Int J Gastrointest Interv 2021; 10(2): 63-66
Published online April 30, 2021 https://doi.org/10.18528/ijgii210002
Copyright © International Journal of Gastrointestinal Intervention.
Jingui Li , Tao Gong
, and Jiaywei Tsauo*
Department of Interventional Therapy, National Cancer Center/National Clinical Research Center for Cancer/Cancer Hospital, Chinese Academy of Medical Sciences and Peking Union Medical College, Beijing, China
Correspondence to:*Department of Interventional Therapy, National Cancer Center/National Clinical Research Center for Cancer/Cancer Hospital, Chinese Academy of Medical Sciences and Peking Union Medical College, 17 Panjiayuan Nanli, Chaoyang District, Beijing 100021, China.
E-mail address: 80732059@qq.com (J. Tsauo).
This is an open-access article distributed under the terms of the Creative Commons Attribution Non-Commercial License (http://creativecommons.org/licenses/bync/4.0) which permits unrestricted noncommercial use, distribution, and reproduction in any medium, provided the original work is properly cited.

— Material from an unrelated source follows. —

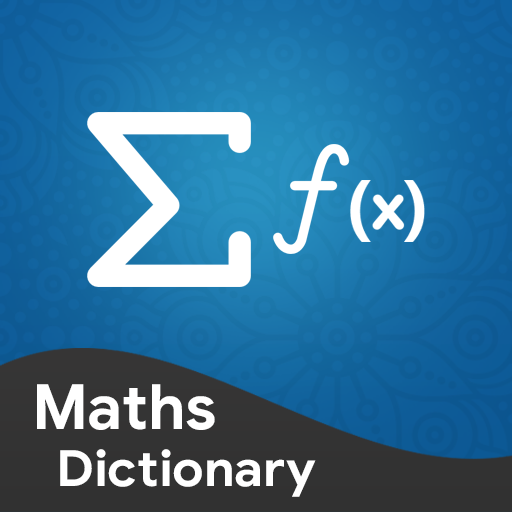 Math Formulas & Dictionary 5.0.0 Icon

Surgical gastrojejunostomy (GJ) has traditionally been the mainstay of treatment for malignant gastric outlet obstruction (GOO). However, most patients preferentially choose to undergo self-expandable metal stent (SEMS) placement due to its minimally invasive nature, although it is wellrecognized that surgical GJ is associated with longer patency and less reinterventions than SEMS placement. Endoscopic ultrasound (EUS)-guided GJ has recently emerged as a novel procedure for the treatment of malignant GOO. This procedure offers a non-surgical means of performing GJ, but its widespread use is limited because it could only be performed by experienced endoscopists with expertise in EUS-guided procedures. The authors performed fluoroscopy-guided GJ in eight domestic pigs by puncturing the proximal jejunum from the stomach using a Rösch-Uchida transjugular liver access set followed by the placement of a lumen-apposing metal stent across the puncture tract. The results showed that fluoroscopy-guided GJ may be a technically feasible and simple procedure but, before clinical trials can be undertaken, further technical refinements are required to reduce the risk of inadvertent transgression of non-target organs.

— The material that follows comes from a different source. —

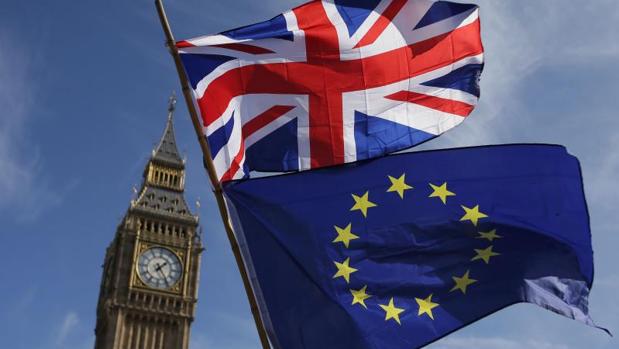 Son ya muchas las compañías que han asegurado que se trasladarán a otra ciudad europea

Keywords: Endosonography, Gastric bypass, Gastric outlet obstruction, Prostheses and implants
Surgical gastrojejunostomy (GJ) has traditionally been the mainstay of treatment for malignant gastric outlet obstruction (GOO).1 However, most patients preferentially choose to undergo self-expandable metal stent (SEMS) placement due to its minimally invasive nature, although it is well-recognized that surgical GJ is associated with longer patency and less reinterventions than SEMS placement.2–5 Two techniques can be used for SEMS placement: a through-the-scope technique under endoscopic guidance and an over-the-wire technique under fluoroscopic guidance.6 The former technique is almost exclusively used by endoscopists, whereas the latter is usually used by interventional radiologists. It is well-perceived the outcomes of SEMS placement are the same, regardless of which technique is used.7 Recently, endoscopic ultrasound (EUS)-guided GJ has emerged as a novel procedure for the treatment of malignant GOO.8 This procedure offers a non-surgical means of performing GJ, but its widespread use is limited because it could only be performed by experienced endoscopists with expertise in EUS-guided procedures.

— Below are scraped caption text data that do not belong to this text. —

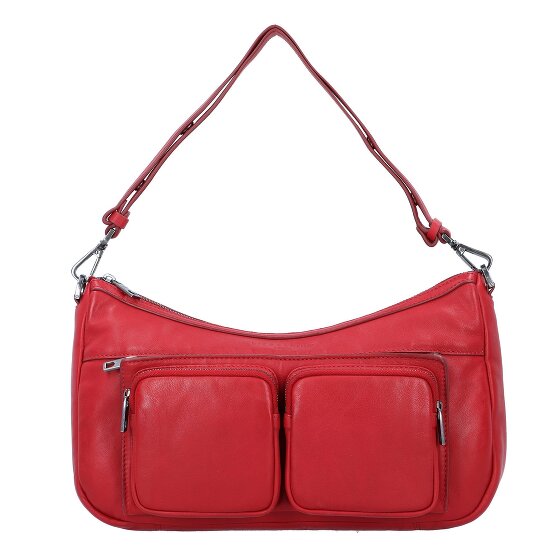 Liebeskind Maia Schultertasche M Leder 35 cm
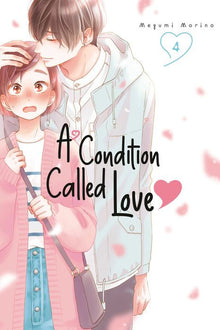 A Condition Called Love Vol.4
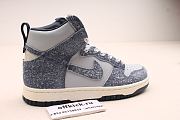 Nike SB Dunk High CW3092 -400 - 5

The idea of fluoroscopy-guided GJ first came to the author (JT) when he was viewing a procedural video of EUS-guided GJ shown by an endoscopist during the 12th annual meeting of the Society of Gastrointestinal Intervention (SGI). The author left the meeting with the belief that fluoroscopy-guided GJ may be technically feasible because much of the EUS-guided GJ procedure shown in the video was performed with fluoroscopic assistance. This belief was further solidified when the author learned that the technical steps of EUS-guided GJ were somewhat similar with that of transjugular intrahepatic portosystemic shunt (TIPS) creation, a procedure by which our team has vast experience in performing. Immediately after the author returned to our institution, planning for an animal study to evaluate the technical feasibility and safety of fluoroscopy-guided GJ was underway. Recently, this animal study has been published with interesting results.9 Herein, the author reviews the results of this animal study and discusses the perceived advantages and disadvantages and future research directions of fluoroscopy-guided GJ.
Fluoroscopy-guided GJ consists of four major steps: (1) puncture target placement; (2) proximal jejunum puncture; (3) puncture track dilation; and (4) lumen apposing metal stent (LAMS) placement.
First, a puncture target should be placed into the proximal jejunum. Technically, any catheter that is radiopaque (e.g., angiographic catheter and balloon catheter) could be used to serve as the puncture target as long as it could be placed into the proximal jejunum. The authors used a 5-Fr pigtail angiographic catheter (Cook Medical, Bloomington, IN, USA) to serve as the puncture target in our animal study because it could be easily placed into the proximal jejunum over a 0.035-IN hydrophilic guidewire (Fig. 1A). Alternative, a snare, which could be tightened to grasp the puncture needle, could also be used to serve as the puncture target.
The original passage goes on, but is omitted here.